La matinée va être compliquée, je suis tellement mal, je n’ai qu’une envie : retrouver Solène. J’ai besoin d’entendre sa voix, qu’elle me prenne dans ses bras, mais, au lycée, ce sera impossible. Et puis que vais-je dire à mes amis ? Ils sauront direct que ça ne va pas quand ils verront ma tête. Merde, j’ai les larmes aux yeux, il faut croire que j’avais encore des ressources. Je les essuie et essaie de penser à autre chose pour tenter de les arrêter.


Je prends les escaliers, je fais tout pour contenir mes émotions. Je dois aller en cours. De toute façon, je ne peux pas rester ici, rester avec eux. Je suis dégoûtée de leurs réactions, je ne pensais pas qu’ils avaient des idées aussi arrêtées.


J’évite la case « cuisine » et part directement jusqu’à l’arrêt de bus. Ma génitrice me poursuit et stoppe ma fuite. Je lève les yeux au ciel, pourquoi ne peut-elle pas m’oublier ? Pourquoi doit-elle se rappeler encore et encore à moi ?

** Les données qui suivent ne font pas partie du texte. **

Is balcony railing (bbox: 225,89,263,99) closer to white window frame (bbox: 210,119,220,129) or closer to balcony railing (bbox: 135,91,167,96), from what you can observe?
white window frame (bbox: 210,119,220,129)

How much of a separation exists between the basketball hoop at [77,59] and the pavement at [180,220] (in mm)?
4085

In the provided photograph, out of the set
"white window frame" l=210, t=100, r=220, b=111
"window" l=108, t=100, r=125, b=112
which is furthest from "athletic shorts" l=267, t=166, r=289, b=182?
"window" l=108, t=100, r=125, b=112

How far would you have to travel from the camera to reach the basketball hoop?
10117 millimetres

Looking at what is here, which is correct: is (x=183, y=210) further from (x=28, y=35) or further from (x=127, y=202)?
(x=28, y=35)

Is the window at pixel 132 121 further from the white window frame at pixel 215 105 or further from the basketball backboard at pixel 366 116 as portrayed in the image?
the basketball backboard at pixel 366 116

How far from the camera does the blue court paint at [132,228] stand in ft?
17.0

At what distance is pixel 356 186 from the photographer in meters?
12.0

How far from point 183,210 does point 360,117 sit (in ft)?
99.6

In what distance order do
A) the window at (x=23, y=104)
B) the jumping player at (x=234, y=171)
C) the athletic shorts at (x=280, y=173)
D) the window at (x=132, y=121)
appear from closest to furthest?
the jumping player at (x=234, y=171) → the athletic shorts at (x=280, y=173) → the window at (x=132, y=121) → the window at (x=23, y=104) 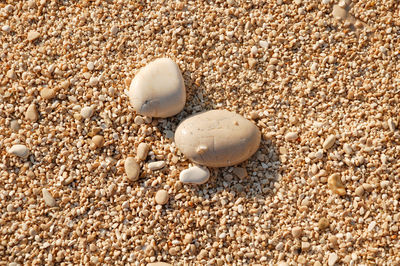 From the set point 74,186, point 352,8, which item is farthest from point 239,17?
point 74,186

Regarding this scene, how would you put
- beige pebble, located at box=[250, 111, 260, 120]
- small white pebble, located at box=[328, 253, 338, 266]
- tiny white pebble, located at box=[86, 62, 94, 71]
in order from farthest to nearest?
tiny white pebble, located at box=[86, 62, 94, 71], beige pebble, located at box=[250, 111, 260, 120], small white pebble, located at box=[328, 253, 338, 266]

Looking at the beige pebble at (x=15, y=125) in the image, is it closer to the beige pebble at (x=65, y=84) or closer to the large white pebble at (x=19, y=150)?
the large white pebble at (x=19, y=150)

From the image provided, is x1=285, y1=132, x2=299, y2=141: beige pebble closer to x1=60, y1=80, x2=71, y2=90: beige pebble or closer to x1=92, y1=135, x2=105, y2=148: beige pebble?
x1=92, y1=135, x2=105, y2=148: beige pebble

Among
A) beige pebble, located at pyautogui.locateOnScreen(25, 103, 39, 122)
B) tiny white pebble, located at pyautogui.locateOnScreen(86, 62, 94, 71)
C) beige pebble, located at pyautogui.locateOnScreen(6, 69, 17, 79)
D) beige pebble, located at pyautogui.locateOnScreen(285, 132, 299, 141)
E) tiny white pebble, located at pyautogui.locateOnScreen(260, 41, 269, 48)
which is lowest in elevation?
beige pebble, located at pyautogui.locateOnScreen(25, 103, 39, 122)

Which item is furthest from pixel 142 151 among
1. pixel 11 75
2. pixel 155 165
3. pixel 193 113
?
pixel 11 75

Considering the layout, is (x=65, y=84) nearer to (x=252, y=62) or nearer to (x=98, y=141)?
(x=98, y=141)

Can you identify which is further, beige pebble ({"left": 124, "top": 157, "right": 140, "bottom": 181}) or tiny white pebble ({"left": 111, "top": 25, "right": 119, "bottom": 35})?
tiny white pebble ({"left": 111, "top": 25, "right": 119, "bottom": 35})

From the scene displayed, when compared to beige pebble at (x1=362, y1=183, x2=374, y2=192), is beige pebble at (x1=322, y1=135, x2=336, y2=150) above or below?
above

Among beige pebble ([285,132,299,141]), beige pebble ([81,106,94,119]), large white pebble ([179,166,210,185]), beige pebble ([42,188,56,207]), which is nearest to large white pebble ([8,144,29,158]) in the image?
beige pebble ([42,188,56,207]) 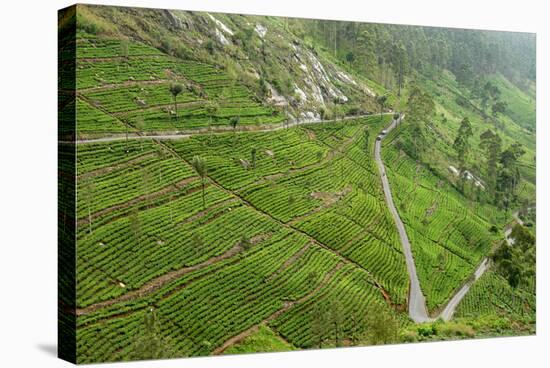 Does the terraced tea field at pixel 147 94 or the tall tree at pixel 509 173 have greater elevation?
the terraced tea field at pixel 147 94

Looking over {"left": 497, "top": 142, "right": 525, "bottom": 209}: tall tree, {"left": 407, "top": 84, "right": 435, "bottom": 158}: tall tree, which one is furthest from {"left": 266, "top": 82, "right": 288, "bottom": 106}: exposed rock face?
{"left": 497, "top": 142, "right": 525, "bottom": 209}: tall tree

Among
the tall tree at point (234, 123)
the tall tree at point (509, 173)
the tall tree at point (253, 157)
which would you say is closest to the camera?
the tall tree at point (234, 123)

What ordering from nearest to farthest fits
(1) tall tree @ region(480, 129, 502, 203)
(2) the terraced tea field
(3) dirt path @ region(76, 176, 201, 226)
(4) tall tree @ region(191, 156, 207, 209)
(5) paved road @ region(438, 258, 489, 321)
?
(3) dirt path @ region(76, 176, 201, 226) < (2) the terraced tea field < (4) tall tree @ region(191, 156, 207, 209) < (5) paved road @ region(438, 258, 489, 321) < (1) tall tree @ region(480, 129, 502, 203)

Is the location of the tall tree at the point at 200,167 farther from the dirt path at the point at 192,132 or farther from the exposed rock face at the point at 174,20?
the exposed rock face at the point at 174,20

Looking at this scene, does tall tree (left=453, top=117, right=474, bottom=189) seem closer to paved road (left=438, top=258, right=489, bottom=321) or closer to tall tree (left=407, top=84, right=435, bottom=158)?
tall tree (left=407, top=84, right=435, bottom=158)

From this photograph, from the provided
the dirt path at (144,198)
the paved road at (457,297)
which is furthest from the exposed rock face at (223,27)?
the paved road at (457,297)

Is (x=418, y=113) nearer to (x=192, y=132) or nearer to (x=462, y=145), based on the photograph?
(x=462, y=145)

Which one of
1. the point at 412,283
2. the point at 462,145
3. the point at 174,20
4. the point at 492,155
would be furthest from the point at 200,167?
the point at 492,155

— Tu ne prends pas le bus. À partir d’aujourd’hui, on te conduira et on viendra te chercher au lycée.


Je fronce les sourcils, je ne comprends pas cette décision.


— Quoi ? Mais pourquoi ?


— Tu côtoies des personnes qui ont une mauvaise influence et on veut éviter que tu fasses d’autres erreurs.


J’enrage et élève la voix.


— Vous êtes des malades ! Personne ne m’influence et je n’ai fait aucune erreur !


Elle tente d’empoigner mon bras, je me débats, le bus passe. Tous les regards sont posés sur nous. Elle a tout gagné, je lâche l’affaire. Aller au lycée ? Non merci ! Je la bouscule, lui donne un coup d’épaule et fais le chemin inverse, j’en ai ma claque. Je remonte m’enfermer dans ma chambre.


— Ma chérie, ouvre s’il te plaît, on doit parler.


— Quoi encore ? Vous êtes en train de foutre en l’air ma vie, ça vous suffit pas ?


— Écoute, on a discuté avec ton père et on a pris quelques décisions pour ton bien. Il serait préférable que tu arrêtes de voir Ian.


J’ouvre d’un coup sec la porte. Ma colère monte.


— Quoi ? Mais pourquoi ?


— Tu passes beaucoup de temps avec lui et puis, tu sais…


Je plisse les yeux pour essayer de comprendre.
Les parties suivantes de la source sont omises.